As we have shown in earlier newsletters, “Sustainable Ag” also requires “social and cultural equity”, “economic efficiency” (i.e., ecological economic accounting without externalities), and the protection of “Ecological Integrity” (not just maintaining soil and microbial health, but the native biodiversity of plants and animals, particularly endangered species).
One of HFUU’s primary goals is to increase membership of both sustainable/organic farmers and help transitional farmers (conventional chemically-based) to increase their farm profits, help protect the environment and the plants, animals and people that live in it.
It is important to note that truly “Sustainable Ag” cannot be sustainable without the integration of organic methods, in contrast “organic farming” can be either sustainable or unsustainable, depending on the precise methods and materials used.
These examples and comparisons are in the National Agriculture Library definitions that we just adopted.
Aloha no e malama pono,
Don “Lalakea” Heacock, Chair SAC
2017 Convention Policy work
The Policy Committee presented post 2016 Convention work: Define Sustainable Agriculture; Define Aquaculture; and Provide an acronym glossary.
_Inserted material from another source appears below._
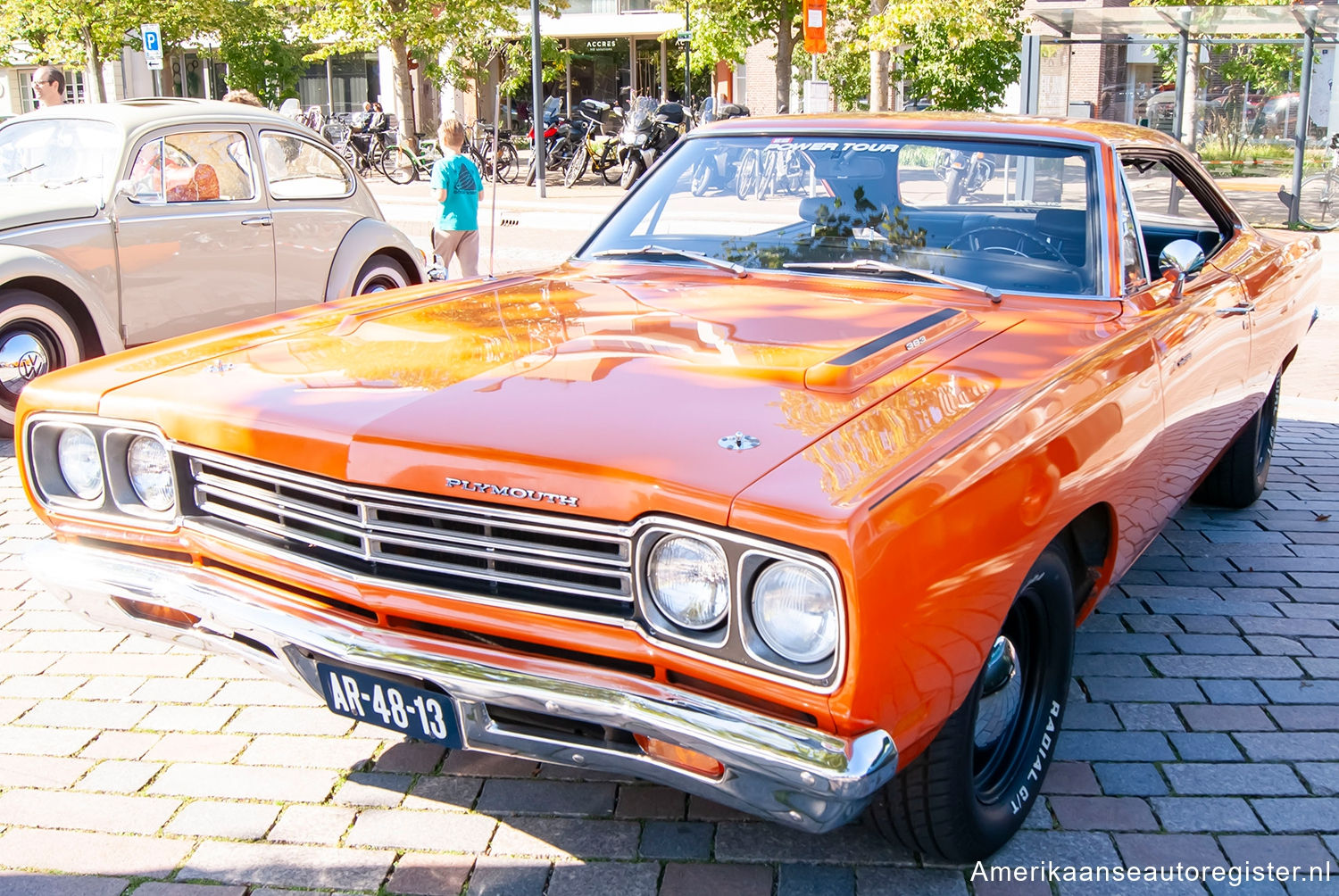Plymouth Road Runner uit 1969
An acronym glossary was added at the end of the HFUU policies. The Policy Committee Chair Jessica Wooley stepped down from Chair to run for elected office on O‘ahu.
Union of Concerned Scientists, Letter signed by 480
A distinguished group of scientists and experts from universities and colleges across the United States—including land-grant universities in agricultural powerhouse states such as Iowa and California—has launched the following statement calling for increased public investment in agroecological research.
Qualified experts in agriculture and related fields were asked to add their names to this statement.
We support greater public investment in agricultural research that applies ecological principles and relies, to the greatest extent possible, on ecological processes (“agroecology”) to address current and future farming challenges.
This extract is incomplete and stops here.